Yet Tesla stock is trading at about $340.00 per share, sporting an uninviting earnings-per-share achievement of about -9.00. Its price-to-earnings (P/E) ratio is best described as N/A; if you prefer, it means it’s losing money—and quite a lot of it—every day.

Bob Lutz, automotive legend and former CEO of companies like General Motors Company (NYSE:GM) to Bayerische Motoren Werke AG (ETR:BMW), says Tesla may have a good car in the “Model S,” but it may not have, “a good automobile company.” (Source: “Bob Lutz And Tesla: The Difference Between The Old Economy And The New,” Forbes, January 23, 2018.)

Tesla has earned its place among car manufacturers, showing the world that electric cars can be exciting (for some). However, Elon Musk is running Tesla like a mission, in the strictest religious sense of the term. In other words, such details as earnings, revenues, and production costs aren’t as important as getting drivers to give up the internal combustion engine in favor of a battery on wheels.

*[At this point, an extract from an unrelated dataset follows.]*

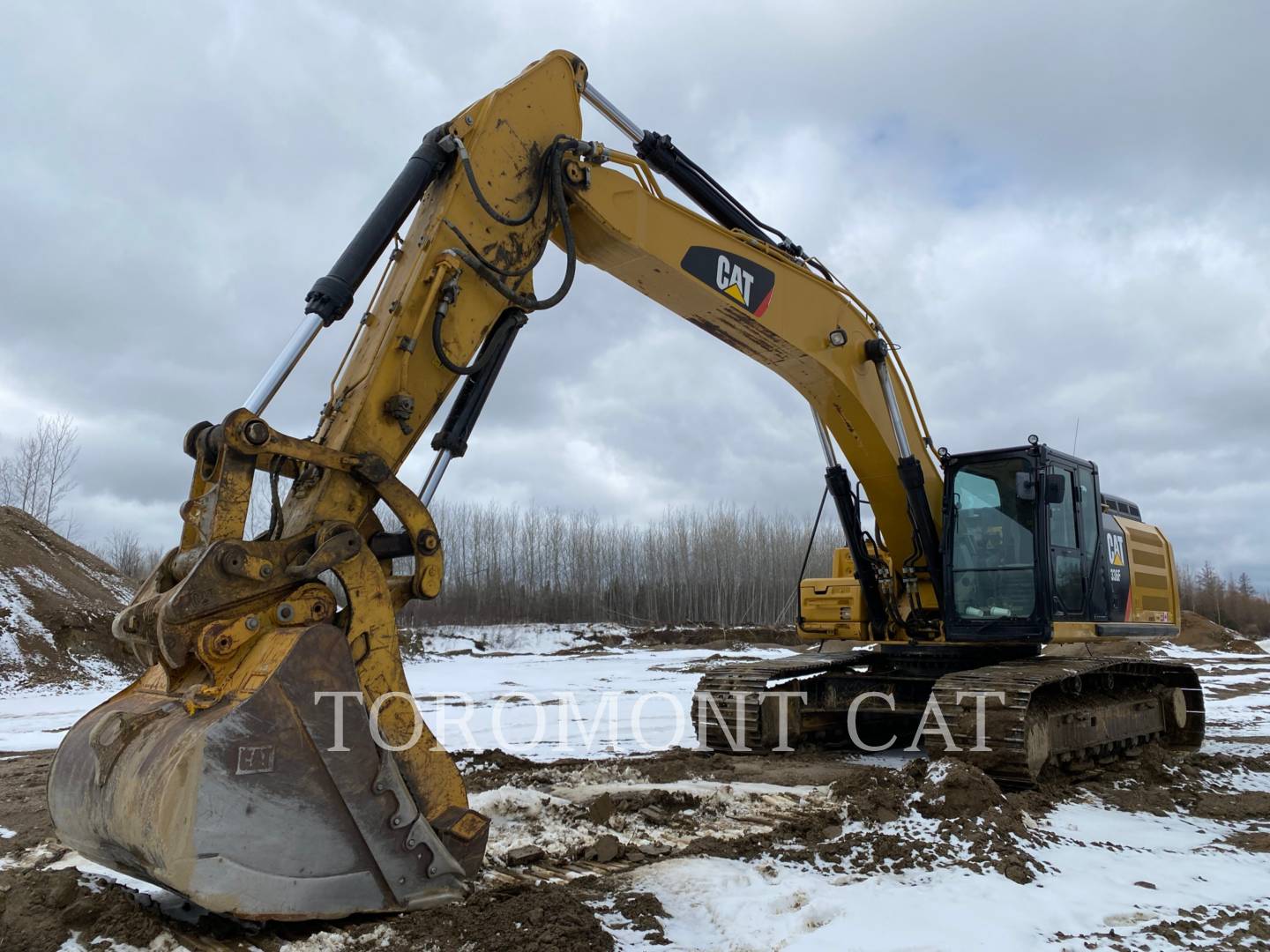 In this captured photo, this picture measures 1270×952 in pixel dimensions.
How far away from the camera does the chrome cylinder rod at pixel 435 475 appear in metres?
4.35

There’s nothing wrong with that.

Musk is free to pursue this goal with the messianic zeal of St. John the Baptist. But investors should be aware of the difference between General Motors—which has a Model 3 competitor (in showrooms and ready to go) in the form of the “Chevrolet Bolt”—and Tesla. General Motors sells about 10 million cars per year, while GM stock is trading at $43.29 per share and has a P/E ratio of 22.55, which is well within the industry normal.

Why Is the U.S. Stock Market Overbought?

I’ve singled out Tesla and Netflix because they offer some the most “in your face” examples that the U.S. stock market is overpriced. Consider that Tesla stock, despite the company posting some downright embarrassing production figures in view of expectations, has gained about 35% in the past year. GM stock, by comparison, after the company posted good financials and actual earnings, gained about 15%.

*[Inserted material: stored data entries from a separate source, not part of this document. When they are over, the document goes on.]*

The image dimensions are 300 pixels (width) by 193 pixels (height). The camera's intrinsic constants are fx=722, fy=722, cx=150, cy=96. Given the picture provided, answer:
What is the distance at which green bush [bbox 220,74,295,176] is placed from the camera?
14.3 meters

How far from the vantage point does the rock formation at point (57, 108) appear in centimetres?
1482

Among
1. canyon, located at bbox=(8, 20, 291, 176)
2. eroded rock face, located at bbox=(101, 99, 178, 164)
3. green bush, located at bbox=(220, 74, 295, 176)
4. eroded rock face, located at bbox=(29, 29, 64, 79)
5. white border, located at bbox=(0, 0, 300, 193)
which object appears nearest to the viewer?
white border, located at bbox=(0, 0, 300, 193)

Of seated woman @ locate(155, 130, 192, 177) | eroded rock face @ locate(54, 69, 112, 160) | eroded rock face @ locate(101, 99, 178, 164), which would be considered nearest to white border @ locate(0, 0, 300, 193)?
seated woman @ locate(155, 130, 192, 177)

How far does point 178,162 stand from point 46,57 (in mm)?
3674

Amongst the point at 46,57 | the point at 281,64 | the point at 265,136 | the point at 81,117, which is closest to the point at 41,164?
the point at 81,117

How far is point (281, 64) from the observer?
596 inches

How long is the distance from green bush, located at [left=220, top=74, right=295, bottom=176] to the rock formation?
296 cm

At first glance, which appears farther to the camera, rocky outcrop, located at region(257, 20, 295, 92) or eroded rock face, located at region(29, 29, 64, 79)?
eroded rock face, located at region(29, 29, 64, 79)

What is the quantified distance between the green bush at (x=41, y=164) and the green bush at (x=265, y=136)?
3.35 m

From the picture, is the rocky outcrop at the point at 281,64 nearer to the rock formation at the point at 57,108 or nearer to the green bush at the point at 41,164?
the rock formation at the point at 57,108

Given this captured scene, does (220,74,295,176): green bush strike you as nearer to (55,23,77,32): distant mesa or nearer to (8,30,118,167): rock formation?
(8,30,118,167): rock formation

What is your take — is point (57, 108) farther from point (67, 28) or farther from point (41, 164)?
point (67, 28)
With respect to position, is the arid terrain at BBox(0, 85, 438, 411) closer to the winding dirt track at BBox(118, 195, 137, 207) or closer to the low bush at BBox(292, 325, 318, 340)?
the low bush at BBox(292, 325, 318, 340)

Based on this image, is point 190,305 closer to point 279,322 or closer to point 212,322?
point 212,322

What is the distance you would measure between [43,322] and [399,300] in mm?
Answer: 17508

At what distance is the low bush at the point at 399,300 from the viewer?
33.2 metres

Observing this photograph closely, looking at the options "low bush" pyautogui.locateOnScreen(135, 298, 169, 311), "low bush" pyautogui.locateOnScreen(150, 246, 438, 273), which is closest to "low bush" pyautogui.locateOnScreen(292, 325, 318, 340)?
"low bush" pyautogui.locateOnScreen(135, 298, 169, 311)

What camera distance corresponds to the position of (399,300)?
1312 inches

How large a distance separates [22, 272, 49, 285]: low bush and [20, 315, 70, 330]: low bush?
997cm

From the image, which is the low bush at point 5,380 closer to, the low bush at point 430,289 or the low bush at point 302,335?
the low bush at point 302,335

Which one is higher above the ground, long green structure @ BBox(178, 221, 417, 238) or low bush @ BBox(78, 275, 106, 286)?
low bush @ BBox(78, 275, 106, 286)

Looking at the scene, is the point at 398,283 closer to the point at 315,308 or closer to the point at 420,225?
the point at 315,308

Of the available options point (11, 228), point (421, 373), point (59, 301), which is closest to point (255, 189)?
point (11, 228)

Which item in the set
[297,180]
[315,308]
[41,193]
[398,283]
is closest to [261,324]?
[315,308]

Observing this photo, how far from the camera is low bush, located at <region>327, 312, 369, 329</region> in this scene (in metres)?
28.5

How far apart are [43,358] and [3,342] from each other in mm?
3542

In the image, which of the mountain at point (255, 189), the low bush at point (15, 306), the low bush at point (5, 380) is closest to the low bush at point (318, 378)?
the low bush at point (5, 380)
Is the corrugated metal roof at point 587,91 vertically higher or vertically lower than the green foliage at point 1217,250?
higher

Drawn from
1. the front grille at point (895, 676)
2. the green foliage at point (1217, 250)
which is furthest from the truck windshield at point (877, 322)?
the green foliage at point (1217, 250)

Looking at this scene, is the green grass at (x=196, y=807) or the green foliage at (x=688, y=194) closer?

The numbers and common sense should have inspired more investors to go for GM, but the razzle and dazzle of Tesla product announcements captures the imagination. It makes grown men feel like children again, and the younger ones dream. But investors should think with their wallets. Big words and even bigger promises are lovely to the ear, but dangerous for your savings. Therefore, if you had wondered why the U.S. stock market is overvalued, you have your answer.

The Tesla and Netflix stock examples are not unique. There are many stocks–especially in the tech sector–that should have you do a double-take, and then walk away. Some stocks have legitimate valuations and bullish prospects, but many of the ones getting attention do not. Need I bring up the example of Snap Inc (NYSE:SNAP) stock, better known as “Snapchat.” It’s trading well below half its IPO price.

How to Determine the Market Is Overvalued

Indeed, looking at the multiples and the expectations surrounding some stocks, it’s worth entertaining a few doubts before buying. It’s legitimate to have them, and as the Romans said, “caveat emptor,” Latin for “let the buyer beware.”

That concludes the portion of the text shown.